Problem 6: Find the difference between the sum of the squares of the first one hundred natural numbers and the square of the sum.
def euler6()
(1..100).inject(0){|val,k| val += k} ** 2 -
(1..100).inject(0){|val,k| val += k**2}
end

Problem 7: What is the 10001st prime number?
def euler7()
myprime = Prime.new
(1..10000).each{ myprime.next}
myprime.next
end

Problem 8: Find the greatest product of five consecutive digits in the 1000-digit number.

The 1000 digit number is a string in my code.
def euler8(bigNum)
len = bigNum.size
stopAt = len - 5
sliceStart = 0
res = 0
while sliceStart < stopAt do
val = 1
s = bigNum.slice(sliceStart, 5)
s.each_char{|x| val *= x.to_i}
res = val if res < val
sliceStart += 1
end
res
end

Problem 9: There exists exactly one Pythagorean triplet for which a + b + c = 1000. Find the product abc.
def euler9()
val = 0
(1..500).each{ |a|
(a..500).each{ |b|
c = (a**2 + b**2)**0.5
next unless c == c.to_i # continue unless c is an integer
val = a + b + c
return a * b * c if val == 1000
break if val > 1000
}
}

end

Project 10: Find the sum of all the primes below two million.

This was the only really challenging problem in this set. I tried to use Ruby's Prime class in a loop for this. When ran for 50,000 iterations it would return in about 14 seconds. For 2,000,000 I eventually killed the process after 15 minutes. The algorithm used in the Prime class seems to fall down when used to generate large lists of prime numbers.

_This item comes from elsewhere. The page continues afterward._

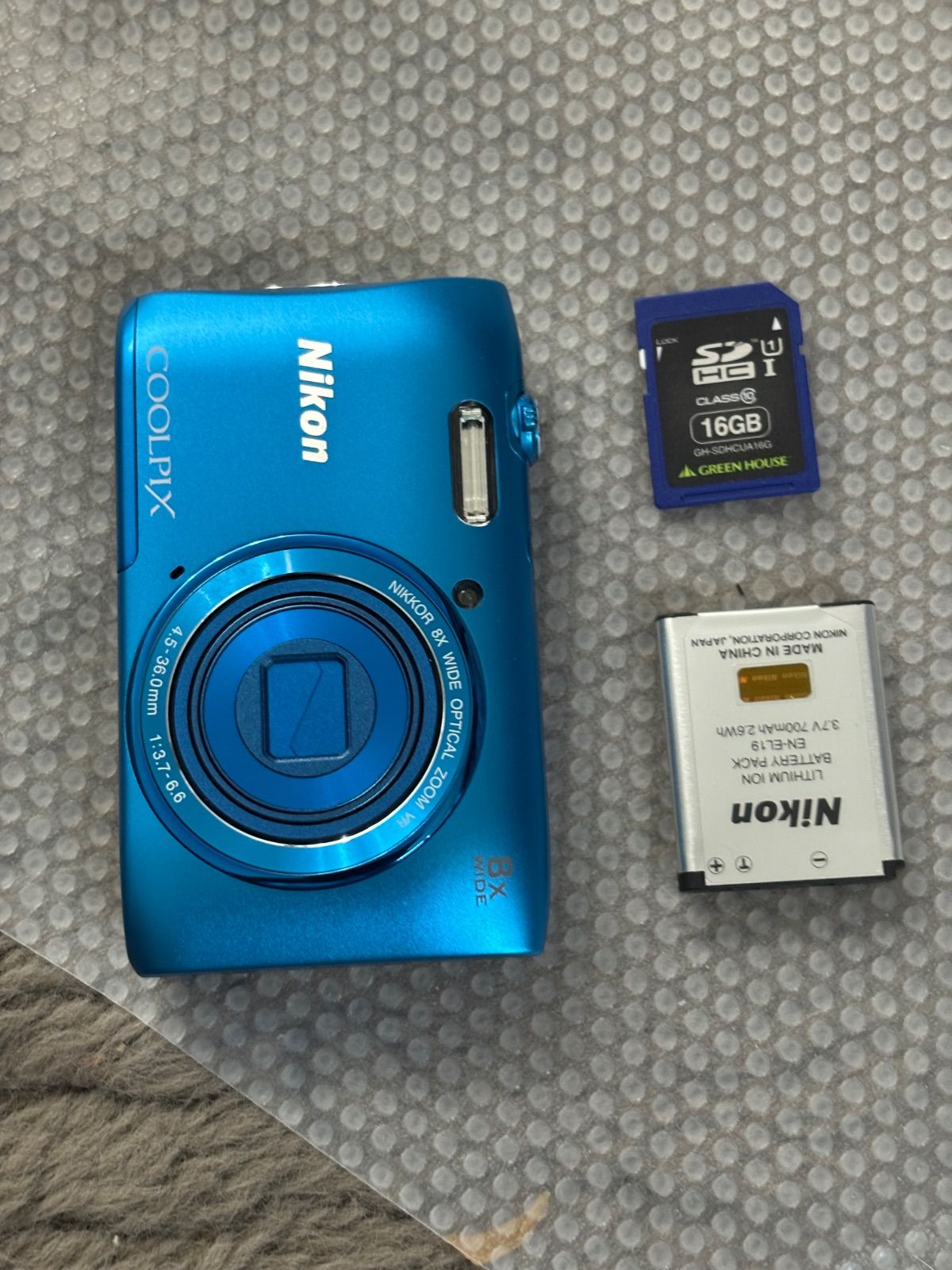 Nikon COOLPIX S3600 　　26041342 14,100円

I did some searching and found that most people were using some type of number sieve to generate the list of prime numbers, see Wikipedia here and here. I found and shamelessly stole a Ruby implementation of the Sieve of Eratosthenes from Paul Callagher. I slightly modified Paul's implementation to make it a standalone function instead of a class method.
# problem 10, find the sum of all primes below 2,000,000.
# prime series up to this limit, using Sieve of Eratosthenes method
# http://en.wikipedia.org/wiki/Sieve_of_Eratosthenes
#
# from http://tardate.blogspot.com/2008/10/rolling-project-euler-on-ruby.html
def sieve_of_eratosthenes( maxVal )
limit = Math.sqrt(maxVal)
a = (2..maxVal).to_a
n = 2
while (n < limit) do
x = n*2
begin
a[x-2]=2
x+=n
end until (x > maxVal )
begin
n+=1
end until ( a[n-2] != 2 )
end
a.uniq!
end

def euler10()
sieve_of_eratosthenes( 2_000_000 ).inject(0){|val, x| val += x }
end

This code returns in about 4 seconds.